* _PROBLEM TO SOLVE_:
Reproduce the lines below exactly, from the one containing "Lava flows near" through the one containing "Step 26 – Pour", both included. Leave out any pictures.

** WORKING DATA follows **

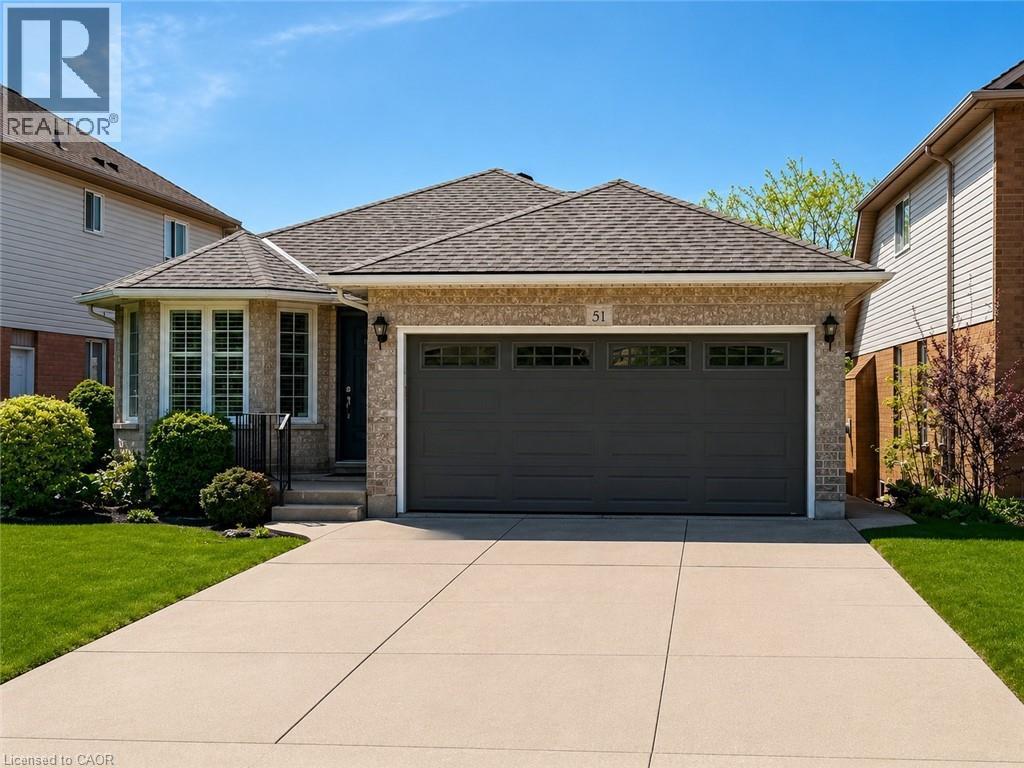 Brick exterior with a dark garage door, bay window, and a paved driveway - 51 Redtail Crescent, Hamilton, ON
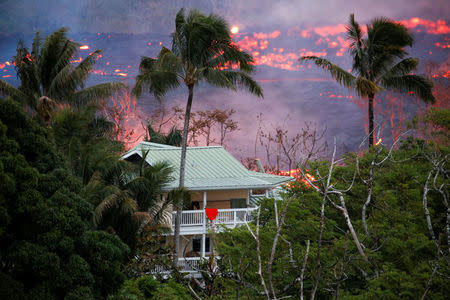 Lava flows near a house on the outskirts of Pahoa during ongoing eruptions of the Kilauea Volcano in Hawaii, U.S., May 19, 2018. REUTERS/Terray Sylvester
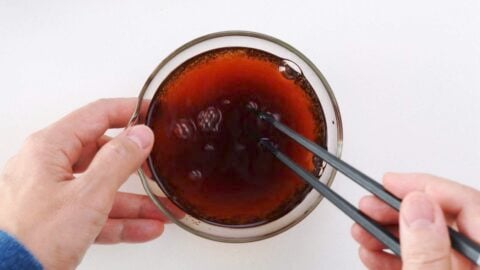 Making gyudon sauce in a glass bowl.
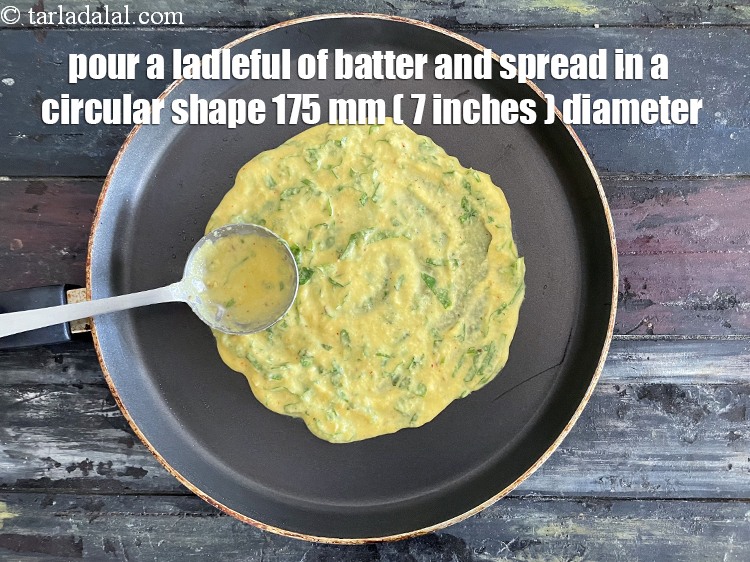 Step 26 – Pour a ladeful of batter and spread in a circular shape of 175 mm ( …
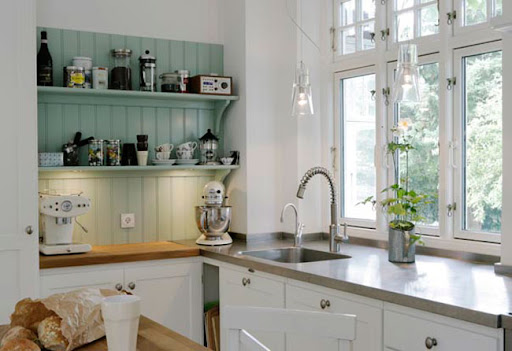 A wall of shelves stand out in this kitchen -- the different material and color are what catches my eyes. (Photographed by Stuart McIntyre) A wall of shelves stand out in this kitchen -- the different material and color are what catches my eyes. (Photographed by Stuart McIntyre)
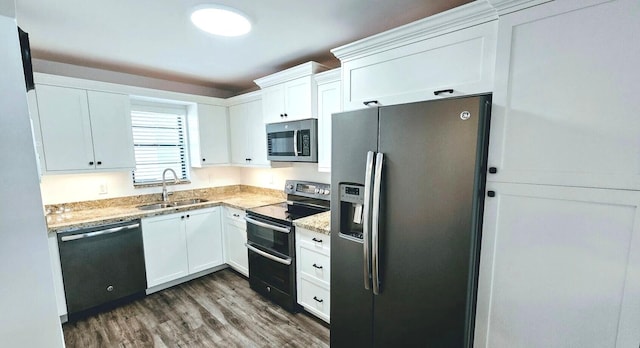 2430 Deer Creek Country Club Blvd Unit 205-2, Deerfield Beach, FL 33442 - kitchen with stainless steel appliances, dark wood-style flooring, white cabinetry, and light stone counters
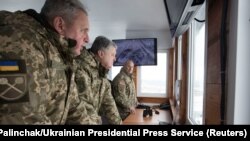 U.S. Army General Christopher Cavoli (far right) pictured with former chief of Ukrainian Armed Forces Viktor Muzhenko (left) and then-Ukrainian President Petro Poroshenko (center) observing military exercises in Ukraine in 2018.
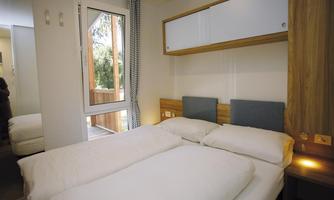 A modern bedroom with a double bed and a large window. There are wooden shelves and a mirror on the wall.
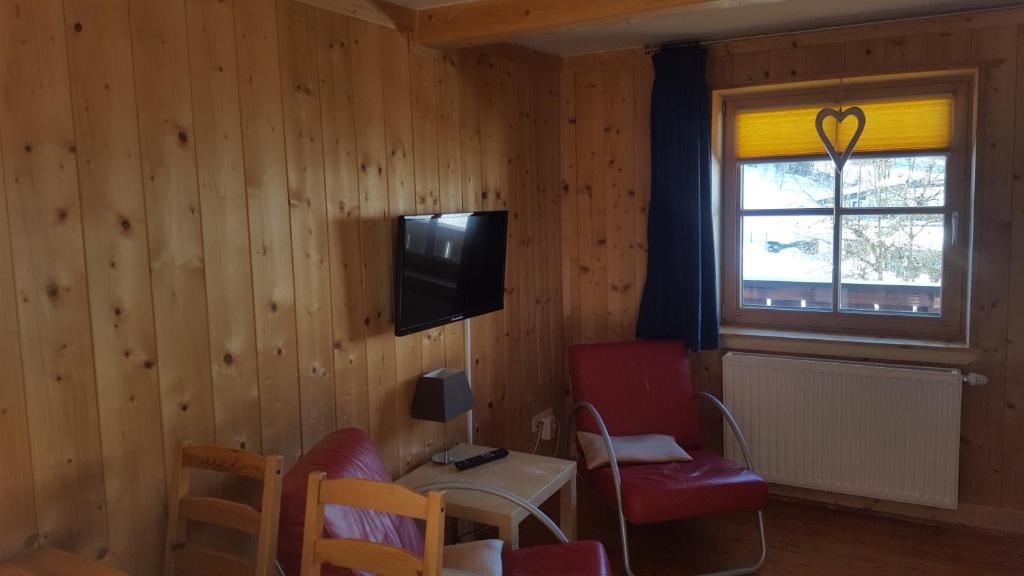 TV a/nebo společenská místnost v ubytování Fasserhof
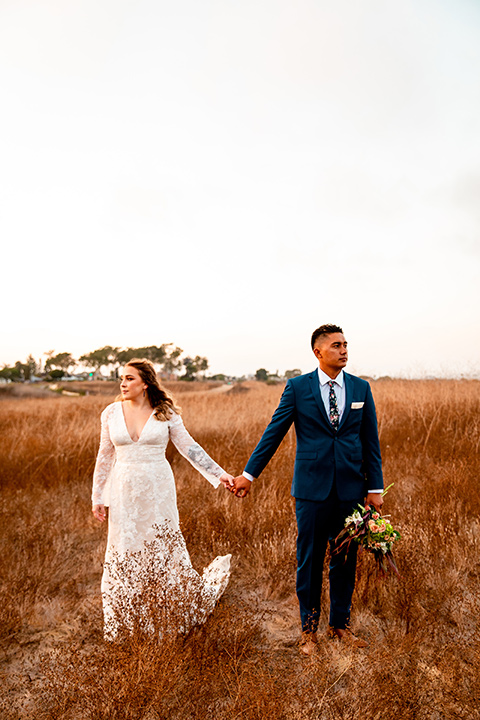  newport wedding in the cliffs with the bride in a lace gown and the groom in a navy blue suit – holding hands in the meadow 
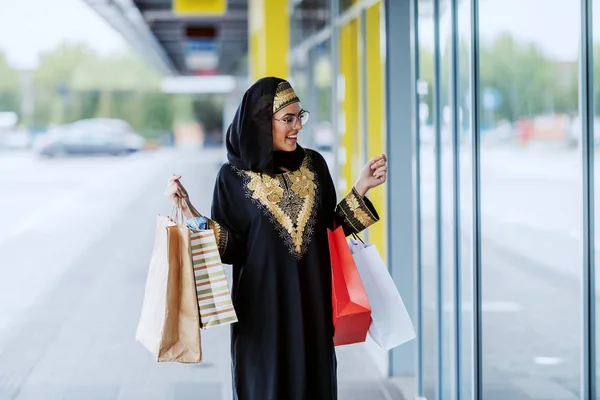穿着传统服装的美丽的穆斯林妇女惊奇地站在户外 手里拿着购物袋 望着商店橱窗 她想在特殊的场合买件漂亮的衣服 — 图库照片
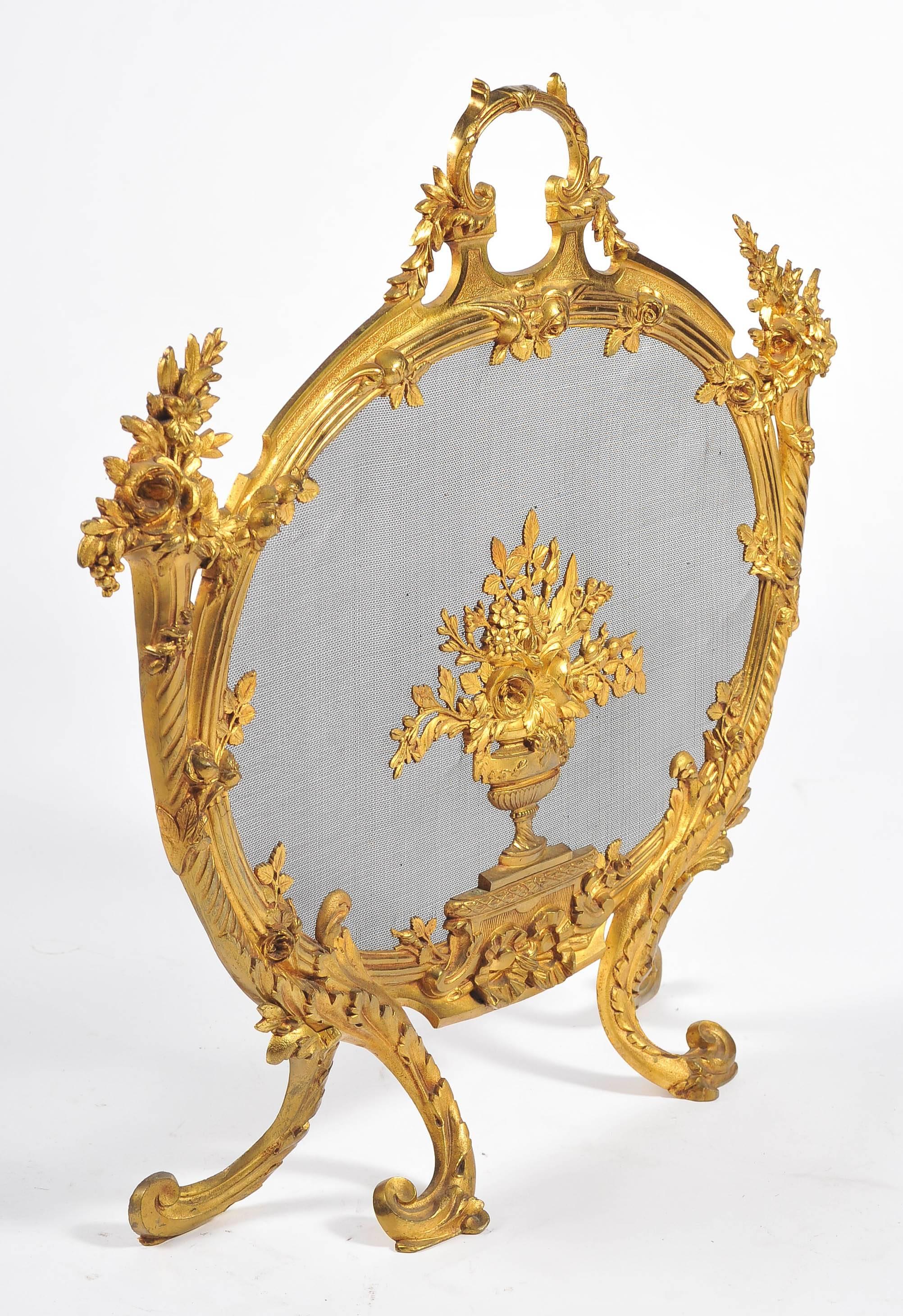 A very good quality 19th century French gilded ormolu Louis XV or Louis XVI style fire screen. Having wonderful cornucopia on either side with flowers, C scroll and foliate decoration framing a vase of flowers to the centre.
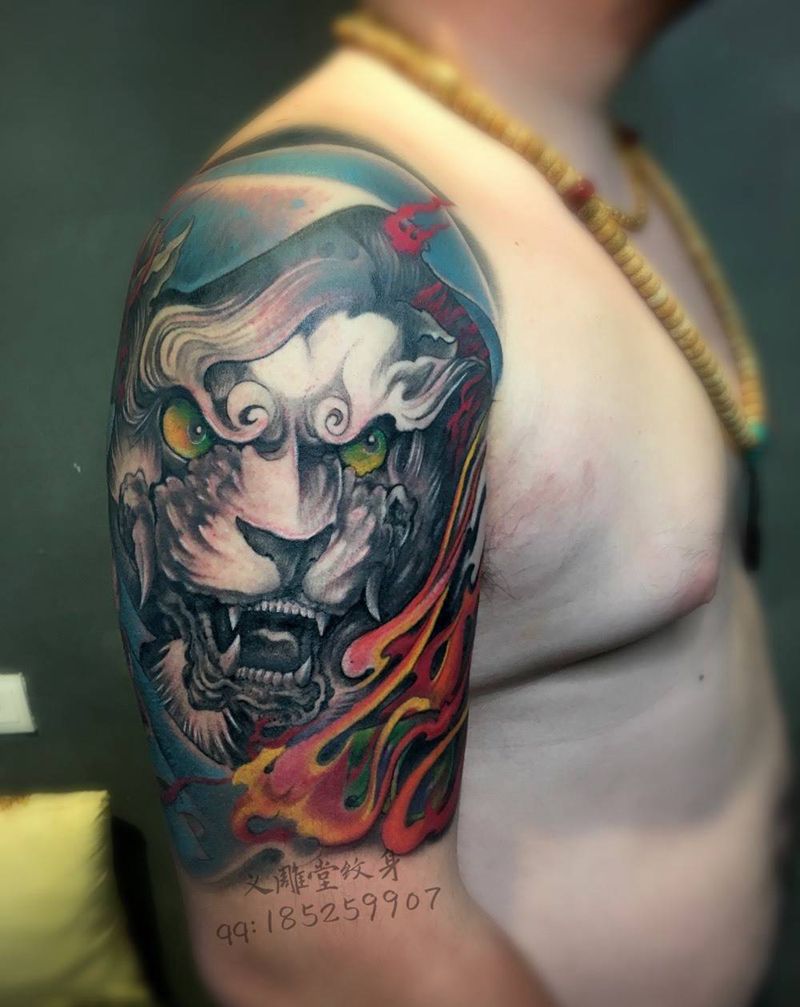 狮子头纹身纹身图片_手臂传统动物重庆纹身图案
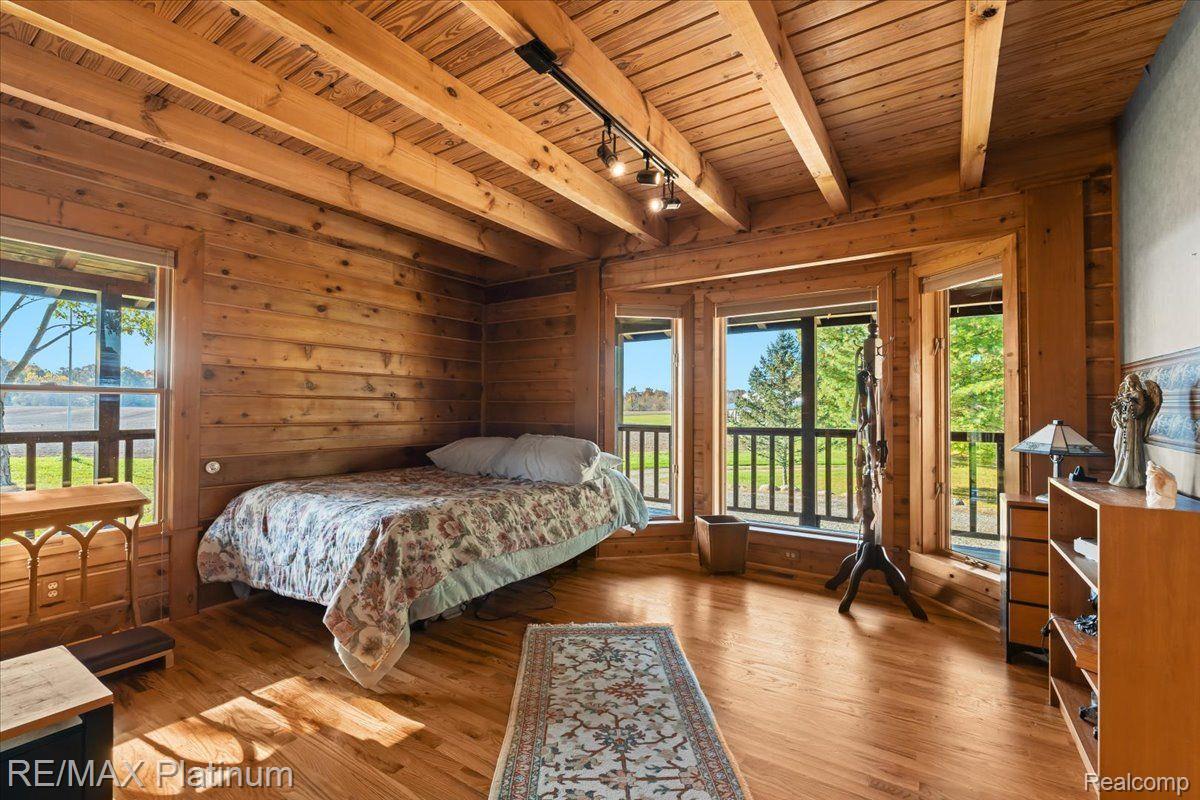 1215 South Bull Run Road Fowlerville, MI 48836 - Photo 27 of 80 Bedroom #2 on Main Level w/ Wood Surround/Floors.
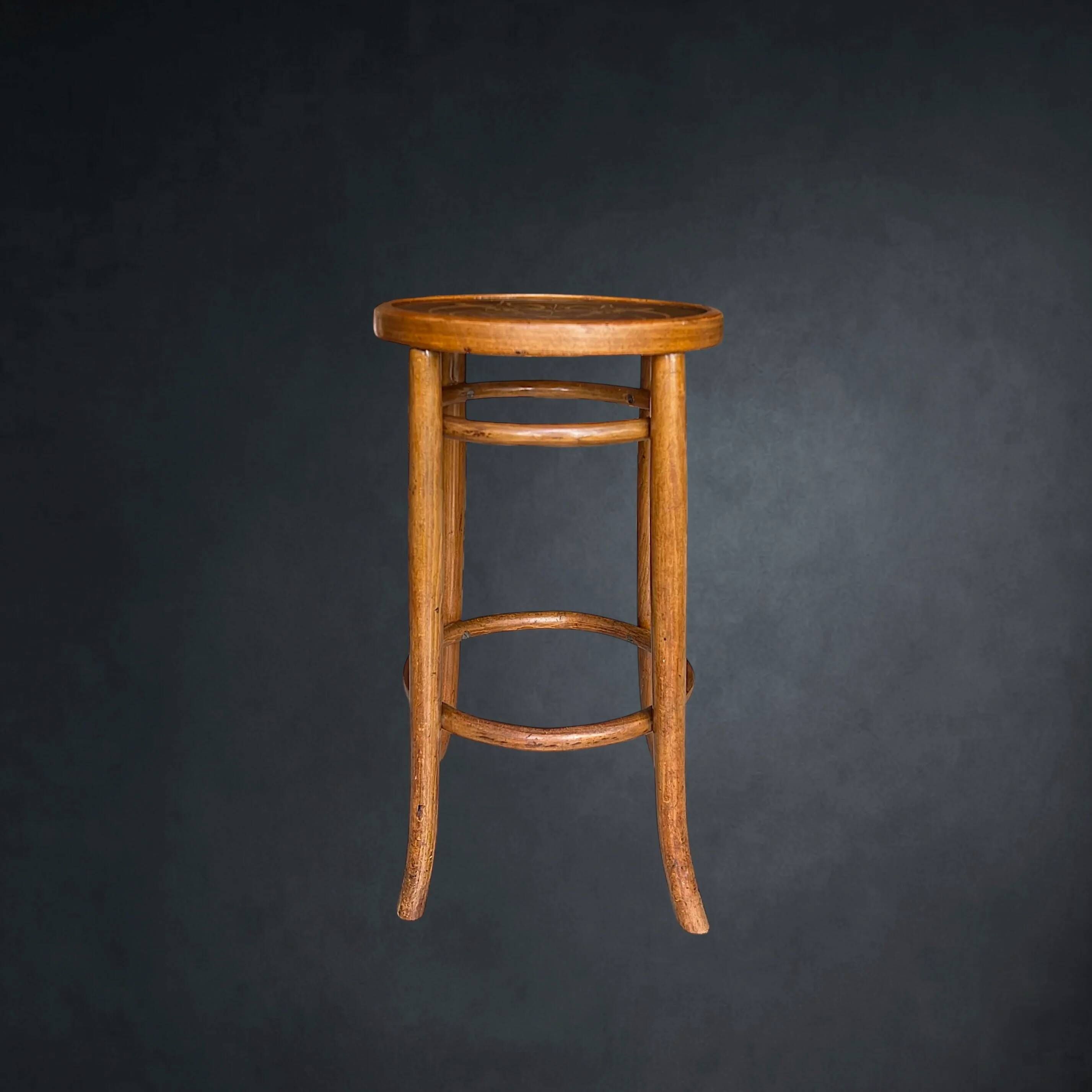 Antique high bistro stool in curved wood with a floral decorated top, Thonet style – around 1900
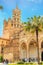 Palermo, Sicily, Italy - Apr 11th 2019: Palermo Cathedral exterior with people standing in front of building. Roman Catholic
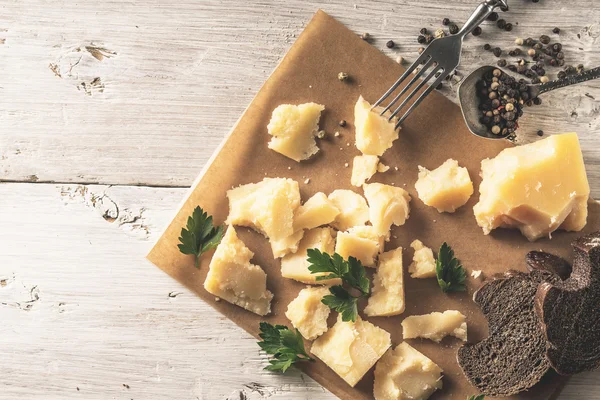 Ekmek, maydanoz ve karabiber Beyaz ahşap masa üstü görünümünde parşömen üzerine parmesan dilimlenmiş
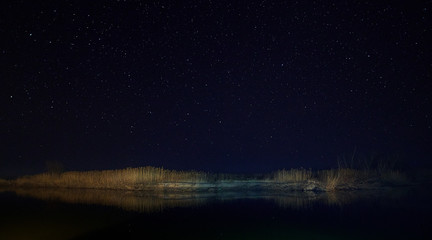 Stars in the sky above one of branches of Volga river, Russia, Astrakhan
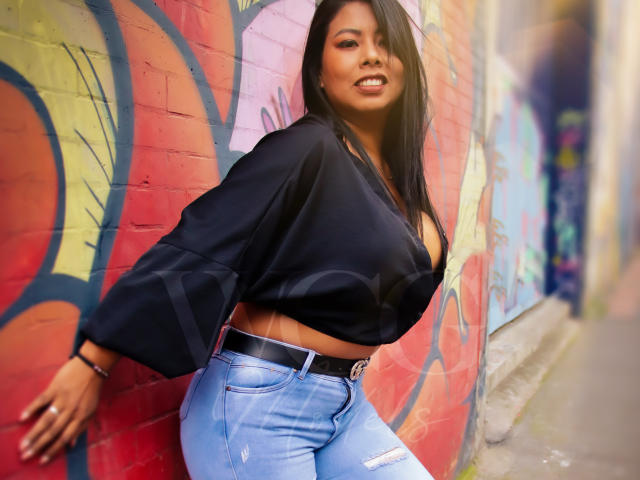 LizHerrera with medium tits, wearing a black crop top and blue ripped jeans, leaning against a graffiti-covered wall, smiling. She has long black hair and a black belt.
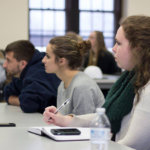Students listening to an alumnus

** End of WORKING DATA **

* _REPLY TO THE TASK_:
 Lava flows near a house on the outskirts of Pahoa during ongoing eruptions of the Kilauea Volcano in Hawaii, U.S., May 19, 2018. REUTERS/Terray Sylvester
 Making gyudon sauce in a glass bowl.
 Step 26 – Pour a ladeful of batter and spread in a circular shape of 175 mm ( …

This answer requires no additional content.